Would square brackets allow replacing foo::<bar,baz> with foo[bar,baz]
so I realise there’s ambiguity…
in some contexts, foo[bar,baz] could be an array index or type-parameters on a function. (anything else?); but in either case, its a single node in the AST yielding a value
let x:foo[bar,baz] = ... // thats a type
x = foo[bar,baz]{......} // that must be a type, because its’ followed by {…struct initialiser…}
foo[bar,baz](a,b,c); // Thats ambiguous - could be variable[index expression] or function-name[types](arguments)

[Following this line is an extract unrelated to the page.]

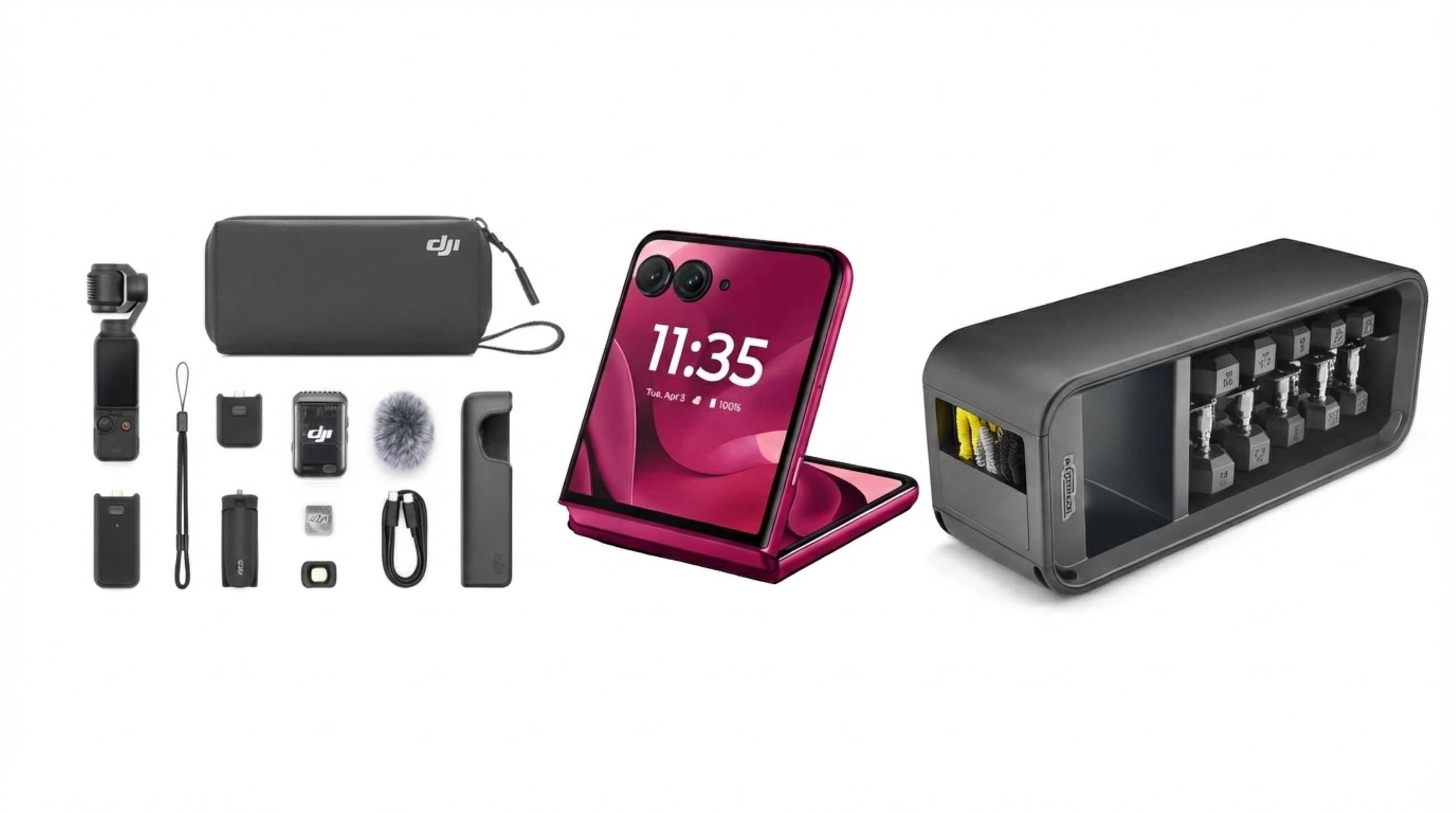 Da sinistra: DJI Osmo Pocket 3 Creator Combo, Motorola Razr 60 Ultra, Technogym Bench - Courtesy Press Office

// however the overall shape of the AST is the same, unlike with <… > ambiguities
// once you’ve found the definition of ‘foo’ (a function? a variable?) could you figure out that it’s a function call, and swap the meaning of the node? in either case the foo[bar,baz] had to yield a callable.
Does that stretch the goal of simple parsing too far? I think rusts’ grammar for types is slightly different - but part of that is the angle brackets themselves; and if you want to pass computed values into type-parameters like C++ can, you’d want more of the regular grammar.
I guess there must be a reason why scala switched to something(index)
could expressions and types be given the same grammar, and then use other operators to give more meaning when taking types, e.g.
Vec.Option.int could be shorthand for Vec[Option[int]], and I gather some languages use a|b for anonymous variants (which sounds great to me)
(this would mean one namespace instead of separate namespaces for types/functions?)